Mai 1930 : le combat pour unifier et souder l'Opposition de Gauche Internationale face à la tourmente qui s'annonce.


Œuvres - mai 1930

Léon Trotsky

A Sobolevicius

(10 mai 1930)

Cher cam. Well,

Vous avez écrit tout récemment de Leipzig que vous alliez à Berlin à cause de la situation extrêmement pénible qui se développe au sein de la direction. Hier j'ai reçu de vous un télégramme indiquant que vous étiez à Paris. Je me hâte de vous écrire à Paris. Tout d'abord, je suis très inquiet que vous ne soyez pas à Berlin dans un moment aussi critique.

J'ai reçu d'Allemagne plusieurs lettres concernant le départ de Grylewicz, Neumann, etc.. de la direction. Je n'en ai pas reçu d'eux-mêmes. Les motifs de leur geste scissionniste ne me sont absolument pas clairs. Tout d'abord le groupe de Grylewicz, Neumann a désigné la question syndicale comme obstacle majeur à l'unification. Il s'avère à présent que l'opposition de Wedding, comme on pouvait le supposer, avait seulement besoin d'une impulsion organisationnelle pour revoir ses positions sur le problème du travail syndical. En d'autres termes, l'unique justification à la lutte fractionnelle est tombée, ou s'est tout au moins considérablement réduite. Mais c'est précisément à ce moment que Grilevicz et Neumann quittent la direction. Cela donne l'impression qu'ils ne se réjouissent pas de voir écartées les divergences politiques et qu'au contraire, ils s'effraient de cette situation qui les prive de la possibilité de poursuivre leur lutte sanglante au nom de "l'hégémonie". Le cam. Seipold a entendu dire, m'indique-t-il, que l'histoire de Mitteilungsblatt [1] et un déficit de 200 à 300 marks motivent leur geste scissionniste. S'il n'y a rien que de semblables motifs, leur sortie de la direction est non seulement scandaleuse, mais criminelle. On sait que l'histoire de Mitteilungsblatt a précédé l'unification. La question du déficit doit pouvoir être réglée par des moyens pratiques. En quoi y a-t-il matière à un geste scissionniste?

A Paris, vous verrez dans les faits combien les camarades français sont pour le cam. Landau et contre Neumann et les autres. Comment cela s'explique-t-il? Par le fait que le cam. Landau, indépendamment de telle ou telle erreur ou trait de caractère, mène une activité politique sérieuse.

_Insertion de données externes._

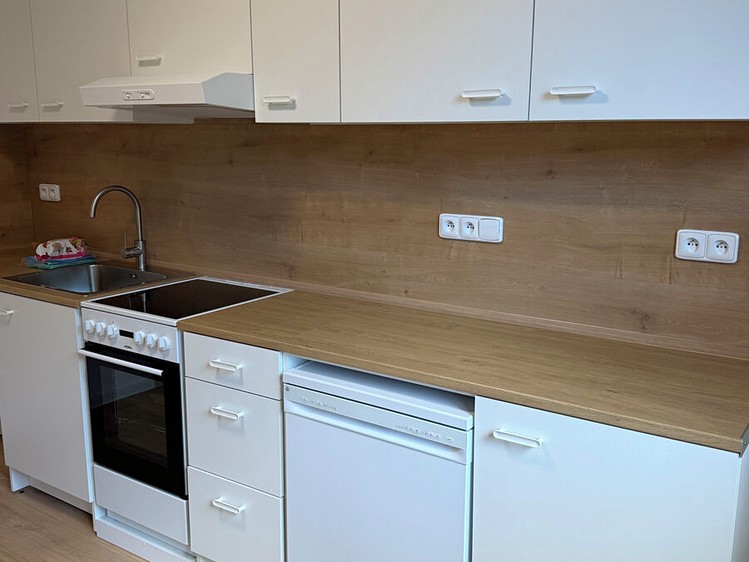 Pronájem bytu 2+1, 56 m² (3 z 16)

Il est intervenu dans la politique du Leninbund de sa propre initiative, en écrivant un article; il correspond avec la presse française; il a élaboré un projet de plate-forme; il a œuvré pour l'unification de l'opposition de Wedding et autres.

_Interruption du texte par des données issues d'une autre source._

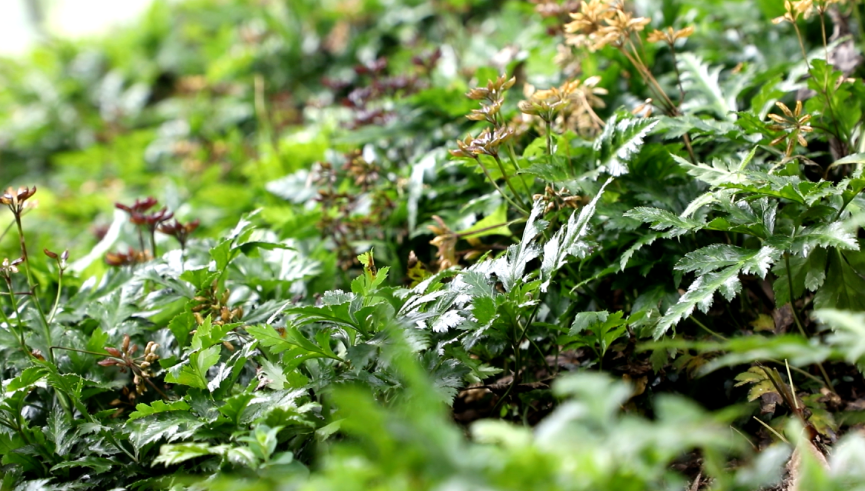 1763708299600408.png 11.png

Or personne n'entend parler de Joko et Neumann qu'à l'occasion de quelque nouveau conflit de personne ou de quelque nouvelle intrigue. Lorsqu'il s'agit de lignes politiques différentes, les épisodes personnels s'effacent. Il convient de faire son choix en fonction de considérations de principes, indépendamment des qualités personnelles des dirigeants. Ce n'est pas actuellement le cas. Dans la mesure où il faut faire un choix dans un conflit de caractère personnel, tout est contre Neumann et Joko. Je vous envoie copie de mes lettres en Allemagne. Je m'y exprime avec une prudence pleinement explicable par la nécessité d'admettre la possibilité théorique qu'il existe des raisons principielles ou globalement sérieuses au conflit, que j'ignore. Mais intérieurement, j'incline à penser que le petit groupe Grilevitcz-Neumann-Joko est devenu un obstacle à l'unité de l'Opposition. A mon avis, il convient de remplacer Joko, et à l'extrême Neumann aussi, par deux travailleurs sérieux qui n'aient pas été épuisés par les chamailleries.

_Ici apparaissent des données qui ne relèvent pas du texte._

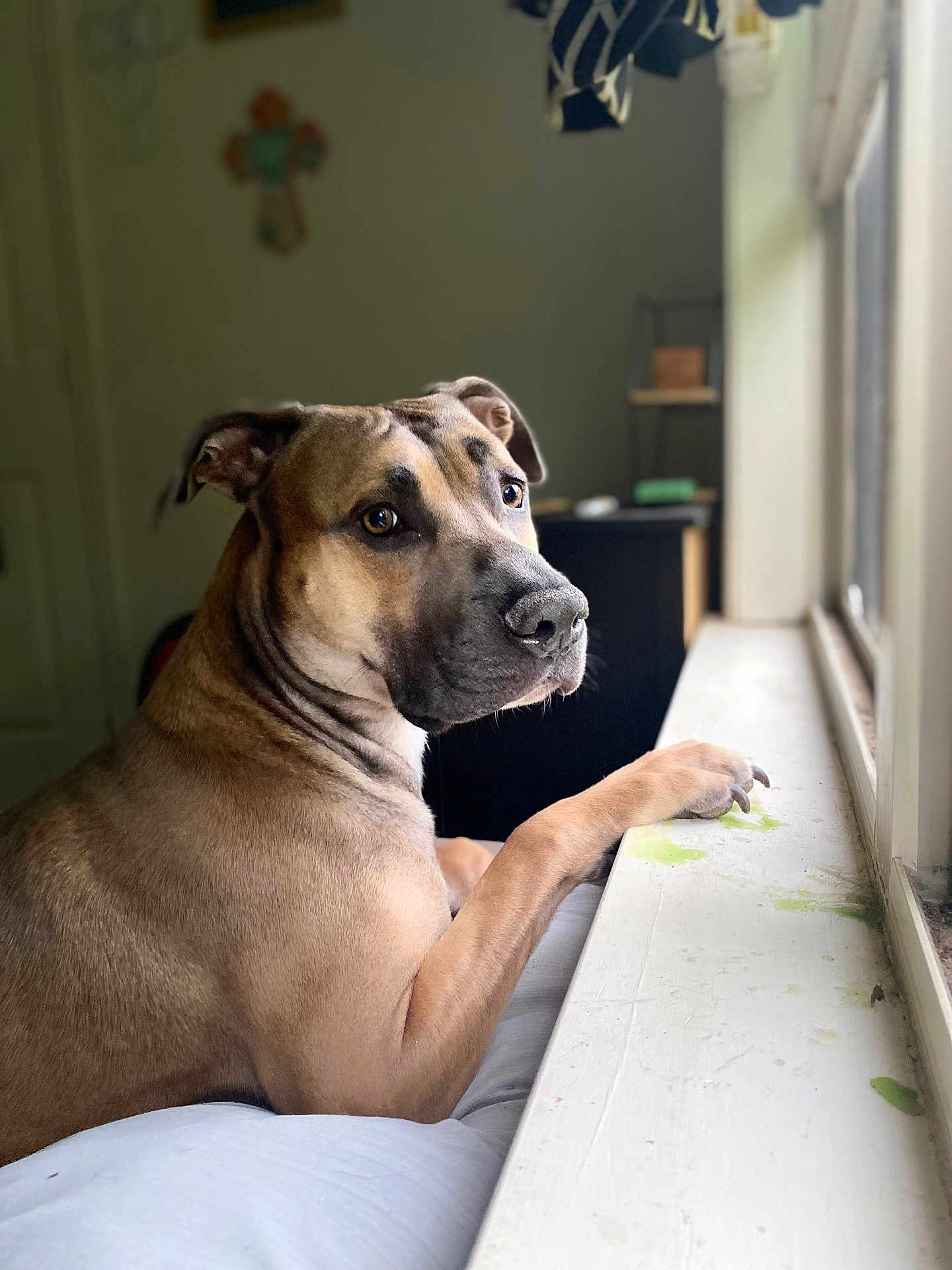 Scooby Doo is registered to the contest to win money with this photo: dog, pet, indoor, windowsill, light, fur, animal, mammal, looking_outside, brown, portrait, domestic_animal, canine, paw, resting, closeup, expression, calm, home, background_blur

Il faut compléter la direction au plus tôt. Elle doit poursuivre son travail. Le journal doit paraÎtre. Ceux qui rompront sans motifs à principe suivront la carrière de Paz: celui-ci a eu beau se gonfler, il a vite rendu son dernier soupir.

Je vous prie de communiquer le contenu de cette lettre à Rosmer et Naville.

Dites, s'il vous plait, au cam. Senine, qu'ils peuvent utiliser pour Klarkheit des extraits de ma dernière lettre en allemand; je n'aurais pas pu écrire autre chose dans une lettre officielle. On peut bien sûr en retirer ce qui est superflu ou inutile pour la presse.

 

P.S.: D'après ce qu'on m'écrit de Paris, Grilevitcz et Neumann avancent comme l'une des raisons, sinon la première, de leur départ de la direction, la méfiance que j'exprimerais à leur encontre dans la lettre dans laquelle je parle d'éventuels agents staliniens chargés de désagréger l'Opposition. Ce motif les compromet encore davantage. Nieraient-ils la possibilité que les staliniens ou Urbahns envoient secrètement leurs agents dans l'organisation oppositionnelle pour se tenir au courant et semer le désordre? Urbahns n'a peut-être pas assez de forces pour cela. Mais les staliniens ont suffisamment de forces et de moyens. Il me semble ainsi avoir indiqué un danger réel et à la fois sérieux. Si ces camarades ne l'ont pas trouvé tel sur la base de leur connaissance de la situation, alors tant mieux. Si le danger est réel à leurs yeux, il faut être attentif à ses propres rangs. Il est aisé, mais tout à fait stupide de s'offenser: c'est comme si les membres d'une organisation clandestine s'offensaient si on leur disait qu'un provocateur avait pu pénétrer dans leurs rangs. Ou bien les membres de la "troïka" estiment-ils difficile pour eux de mener la politique qui leur permettrait de se distinguer des adversaires cachés de l'Opposition? Bref, ils se compromettent entièrement et plus votre groupe prendra une position dure, mieux ce sera.